** ASSIGNED TASK **
From the top of the entries, reproduce each line exactly, stopping after the line that contains "Vintage Signed Studio". Omit pictures.

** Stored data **
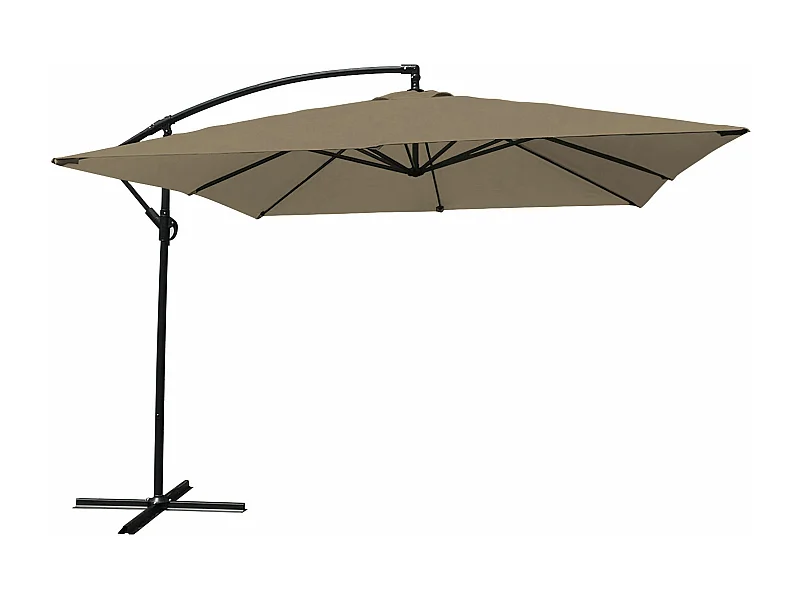 Parasol déporté MOLOKAI carré 2,7x2,7m taupe - HAPPY GARDEN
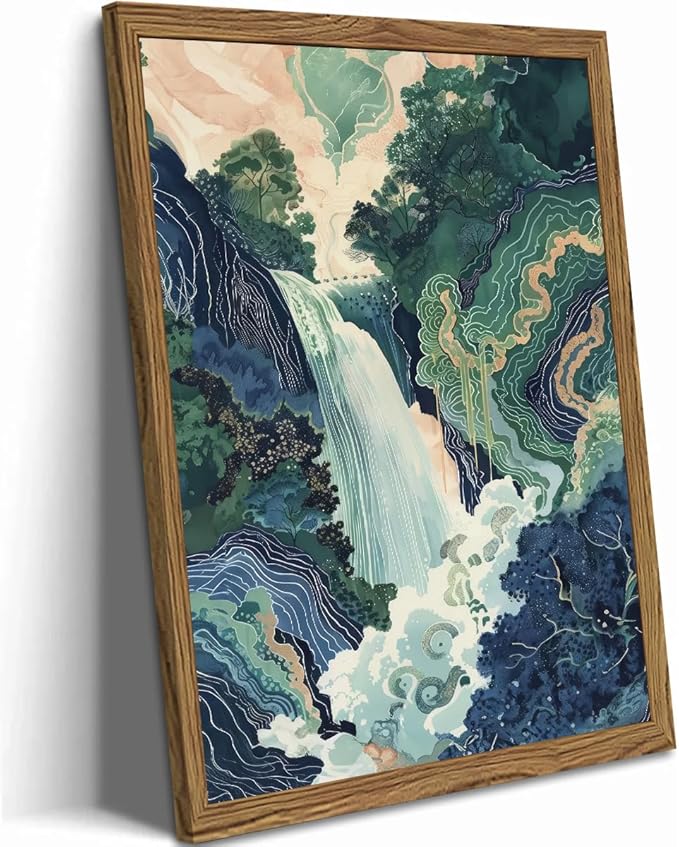 Framed Japanese Waterfall Canvas Wall Art, Abstract Landscape Wall Decor Paintings, Blue Green Nature Mountain Pictures Prints Zen Aesthetics Home Decor for Living Room Bedroom Bathroom 12x16 inch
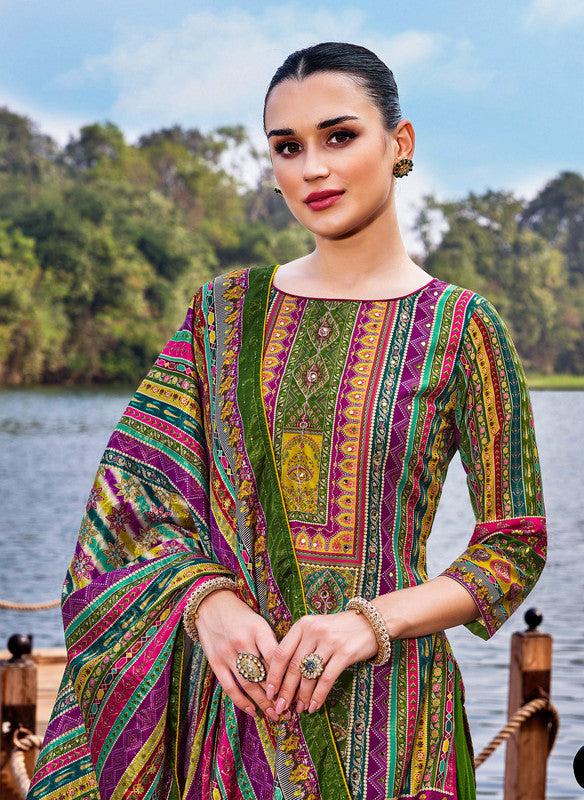 Ladyline Maslin Silk Printed Aari Embroidered Salwar Kameez Suit Set | Elegant Indian Pakistani Dress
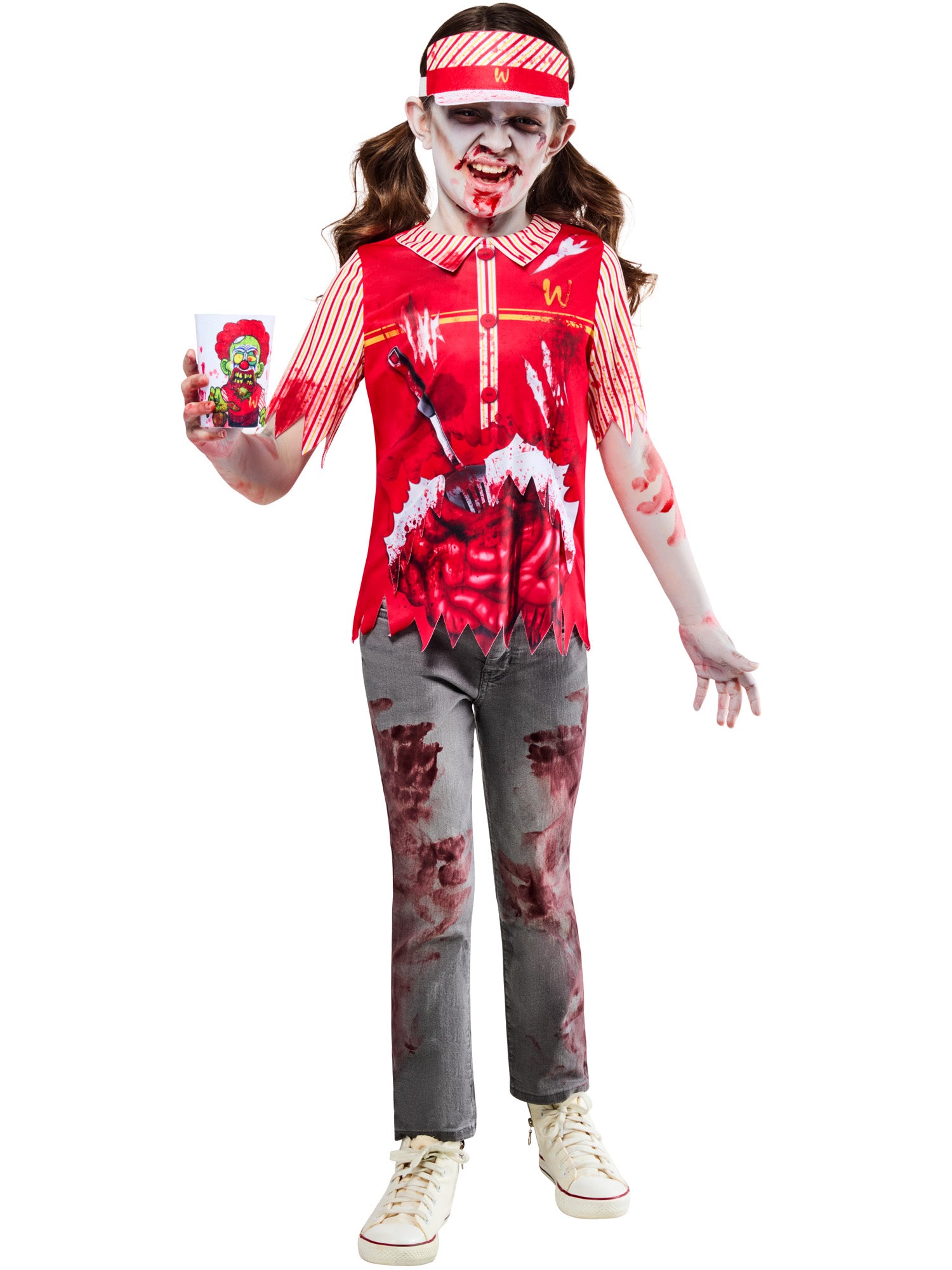 ZOMBIE BURGER WORKER COSTUME CHILD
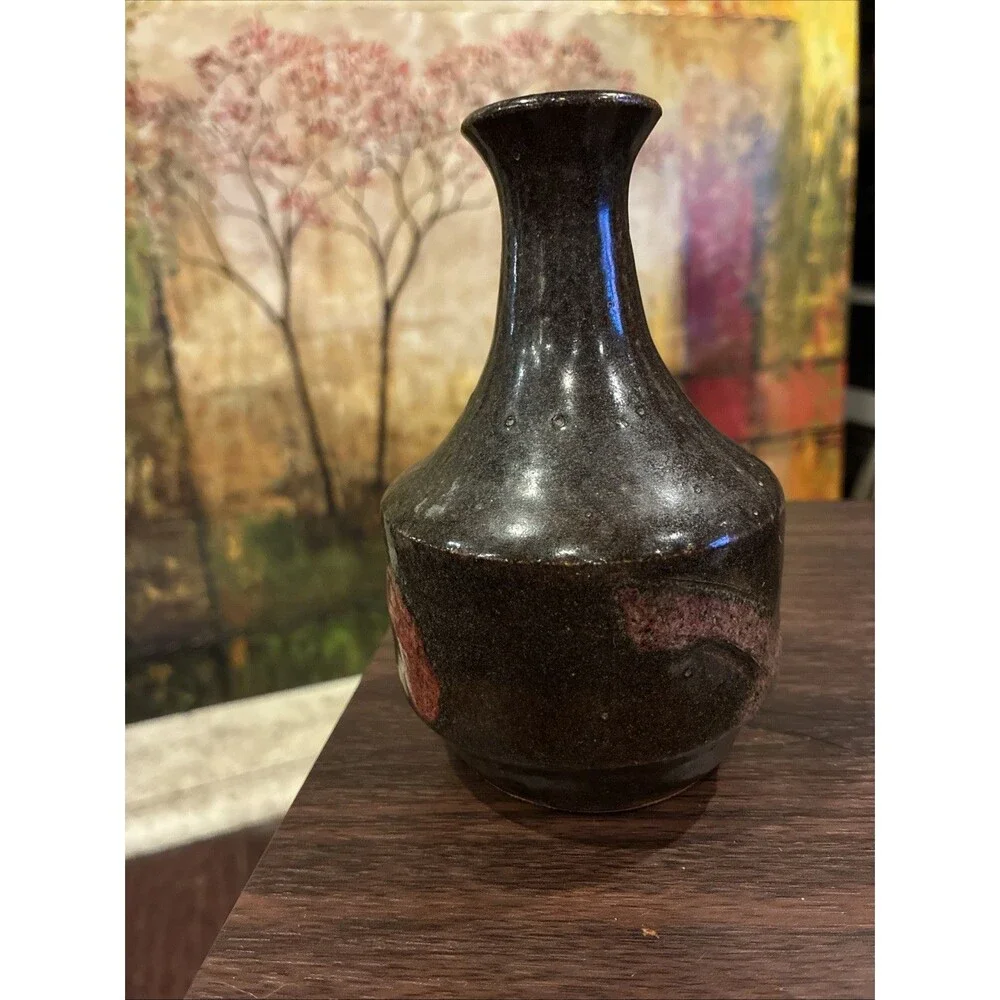 Vintage Signed Studio Pottery 1991 Tenmoku Stoneware Tokkuri Vase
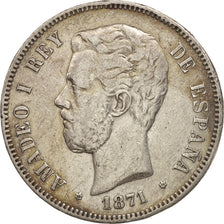 Espagne, Amadeao I, 5 Pesetas, 1871, Madrid, TTB, Argent, KM:666
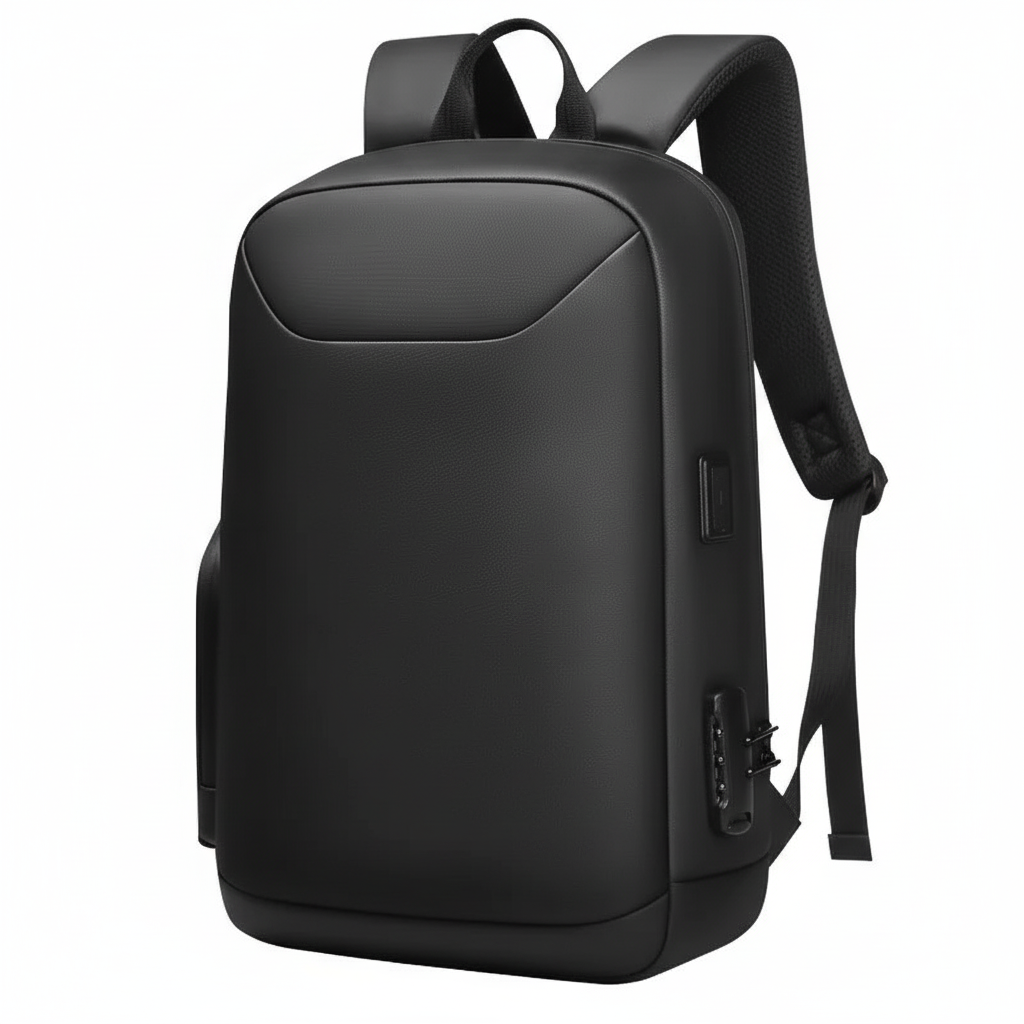 Elegant svart pendlarryggsäck för laptop med inbyggd USB-port. Vattentålig, idealisk för jobb och resor.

** OUTPUT BELOW **
 Parasol déporté MOLOKAI carré 2,7x2,7m taupe - HAPPY GARDEN
 Framed Japanese Waterfall Canvas Wall Art, Abstract Landscape Wall Decor Paintings, Blue Green Nature Mountain Pictures Prints Zen Aesthetics Home Decor for Living Room Bedroom Bathroom 12x16 inch
 Ladyline Maslin Silk Printed Aari Embroidered Salwar Kameez Suit Set | Elegant Indian Pakistani Dress
 ZOMBIE BURGER WORKER COSTUME CHILD
 Vintage Signed Studio Pottery 1991 Tenmoku Stoneware Tokkuri Vase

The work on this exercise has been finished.